Market experts say such high-priced paddy could raise prices of the husked rice in the coming week as well and it could also affect government procurement that is aimed at boosting stock in silos to manage any exigency especially in the wake of a global crisis.

However, coarse rice from Boro season was still selling at Tk 44-55 a kg (mill-gate to Dhaka), medium Tk 54-65 and finer Tk 65-98 a kg (mill-gate area to Dhaka), according to the Trading Corporation of Bangladesh, the Department of Agricultural Marketing (DAM) and online-shop outlets.

While visiting many mokams or places for raw agro-product trade in Dinajpur and Nilphamari districts last week, the FE correspondent found such an outlook of the new paddy harvest and marketing.

"New milled coarse rice from Aman season would cost a minimum of Tk 51 a kg at mill gates if the current trend in paddy price continues," Boleshwar Ray, a grain trader at Bhabaniganj Haat in Nilphamari Sadar, told the FE.

He said newly harvested Guti Swarna, and Mamun dhan varieties were selling at Tk 2350-2400 per 75- kg sack while Dhanigold, a medium- quality variety of paddy, at Tk 2600 a sack.

He said Swarna-5, Katari, BRRI dhan-34 and other finer varieties were yet to be harvested.

"50-60 farmers came to Bhabaniganj Haat today who sold their products within two to three hours amid high demand," Ramij Ali Basunia, a farmer in the Hajiganj area, said.

He thinks prices are high as the yield per decimal has declined to some extent this year amid a shortage of fertiliser and water in peak growing seasons.

"I sold 17 maunds or nine sacks of paddy at Tk 2380 per sack from my two bighas of land," he said.

Jaber Alam, a farmer at Khansama Haat in Dinajpur, told the correspondent that big farmers would not sell paddy now while small farmers are also preserving paddy on a large scale sensing any possible food scarcity.

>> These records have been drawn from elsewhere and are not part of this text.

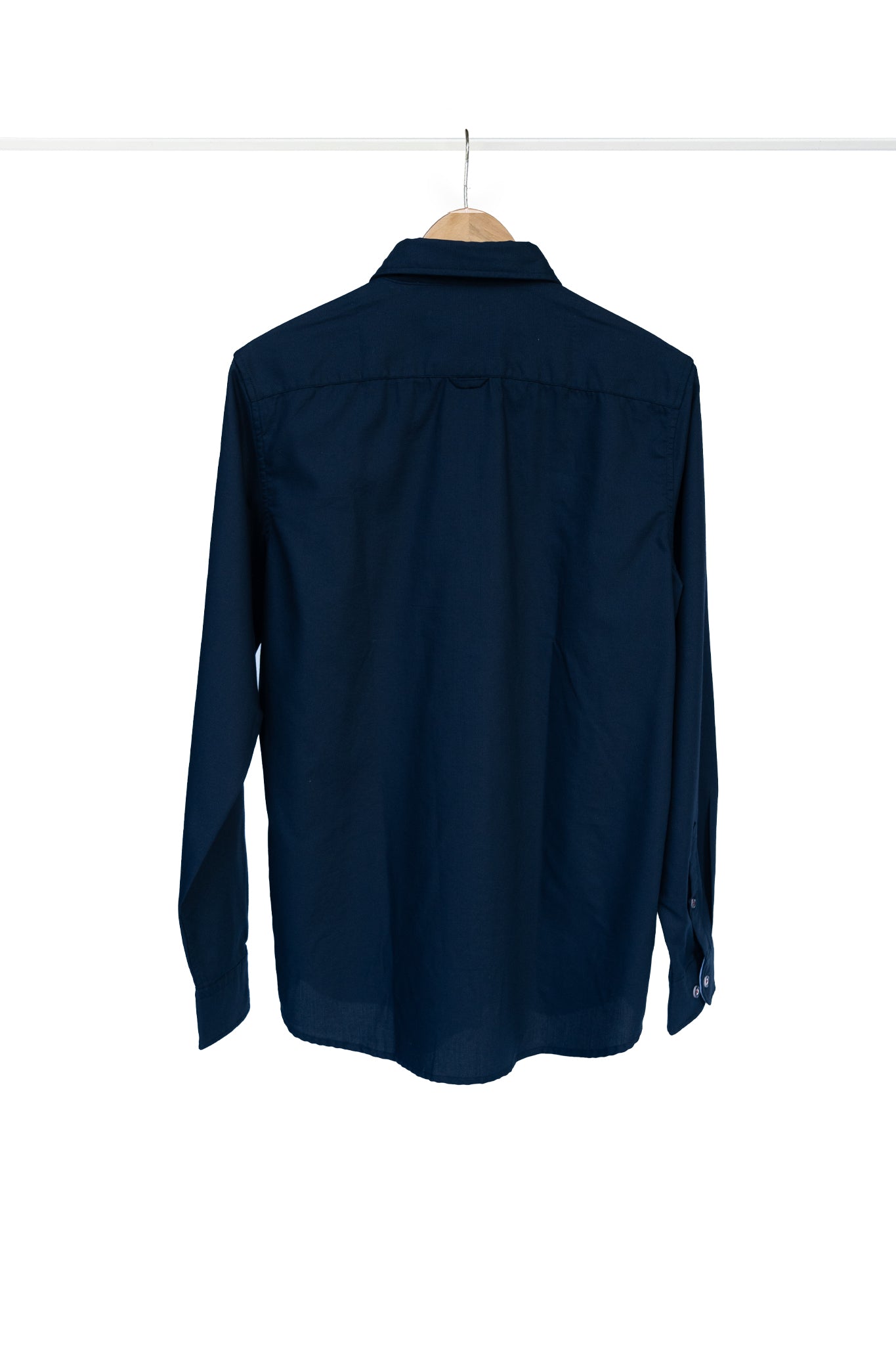 Bare Brown Slim Fit Cotton Button down Shirt - Navy Blue
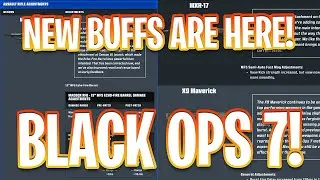 new SEASON 1 BUFFS in BLACK OPS 7!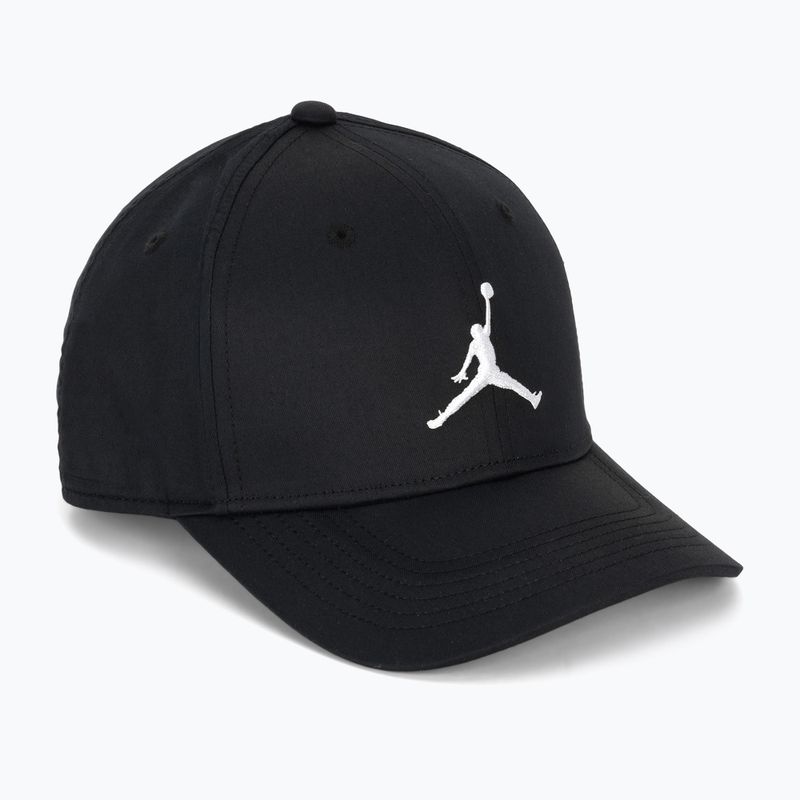 Czapka z daszkiem Nike Jordan Rise Structured Curved-Bill black/white
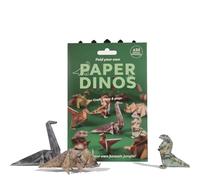 (2Set)Handmade DIY Paper Cats Origami Kit, 50PCS 3D Cat/Dog/Dinosaur Origami Papers Craft Kit, Funny Craft Activity for Adults & Kids, DIY Animal Desk Decor & Gift for Animal Lovers,Dinosaur,2Set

"And millers and their allied traders are hunting paddy even from the farmers' fields, resulting in a surge in prices," he says about the tricks of the trade.

He said farmers are quite happy with the current rates of paddy as most of them are making 10-12-percent profits over the cost price.

Contacted, secretary of Bangladesh Auto Major Husking Mill Owners Association (BAMHMOA) K M Layek Ali said the paddy season started with high rates as the Guti Swarna variety is selling at Tk 1250-1300 per maund which is much higher than that of the government procurement price set at Tk 1120 (Tk 28 a kg).

He feels success of the government's rice and paddy procurement drive highly unlikely amid such a hike in market prices. The Director General of Food (DGoF) has targeted to procure 0.5 million tonnes of rice at Tk 42 a kg and 0.3 million tonnes of paddy at Tk 28 a kg.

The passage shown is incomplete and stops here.